The Chinese University of Hong Kong and Tencent have jointly launched a new technology framework, ControlMM, which brings a significant breakthrough to full-body motion generation. This technology supports multi-modal inputs such as text, speech, and music, enabling the generation of full-body motions that match the content.

image.png

Product Entry: https://top.aibase.com/tool/controlmm

The advent of ControlMM aims to address various challenges in full-body multi-modal motion generation controlled by text, speech, or music. These challenges include motion distribution drift across different generation scenarios, complex optimization of mixed conditions at varying granularities, and inconsistent motion formats in existing datasets.

To effectively tackle these challenges, researchers have proposed a series of innovative methods. Firstly, ControlMM-Attn is used for parallel modeling of static and dynamic human topology maps to efficiently learn and transfer motion knowledge across different motion distributions.

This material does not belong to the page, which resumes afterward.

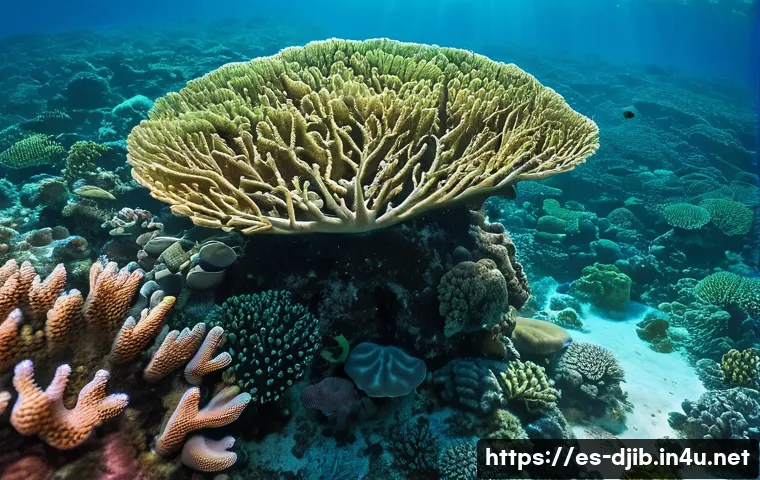 지부티와 홍해 지역의 해양 생태학 - A vibrant underwater scene showcasing the unique biodiversity of Djibouti’s coastal waters in the Re...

Secondly, ControlMM employs a coarse-to-fine training strategy, including Phase 1 text-to-motion pre-training for semantic generation, and Phase 2 multi-modal control adaptation for different low-level granular conditions.

Additionally, to address the limitation of inconsistent motion formats in existing benchmarks, ControlMM-Bench has been introduced. This is the first publicly available multi-modal full-body human motion generation benchmark based on a unified full-body SMPL-X format.

Through extensive experiments, ControlMM has demonstrated superior performance in various standard motion generation tasks, whether in Text-to-Motion, Speech-to-Gesture, or Music-to-Dance. Compared to baseline models, ControlMM shows significant advantages in controllability, sequentiality, and motion plausibility.

Key Features of ControlMM:

1. **Multi-Modal Control**: ControlMM supports full-body motion generation through various modalities such as text, speech, and music, enhancing control capabilities and adaptability.

2. **Unified Framework**: Adopting a unified ControlMM framework integrates multiple motion generation tasks, improving generation efficiency.

3. **Stage-Based Training Strategy**: A coarse-to-fine training strategy is implemented, starting with text-to-motion pre-training and followed by adaptation to low-level control signals, ensuring effectiveness under different granular conditions.

4. **Efficient Motion Knowledge Learning**: The ControlMM-Attn module models dynamic and static human topology maps in parallel, optimizing motion sequence representation and enhancing the accuracy of motion generation.

5. **New Benchmark Introduction**: The introduction of ControlMM-Bench provides the first publicly available multi-modal full-body motion generation benchmark based on a unified SMPL-X format, aiding research and application in the field.

6. **Superior Generation Performance**: ControlMM demonstrates leading performance in standard motion generation tasks, including controllability, continuity, and motion plausibility.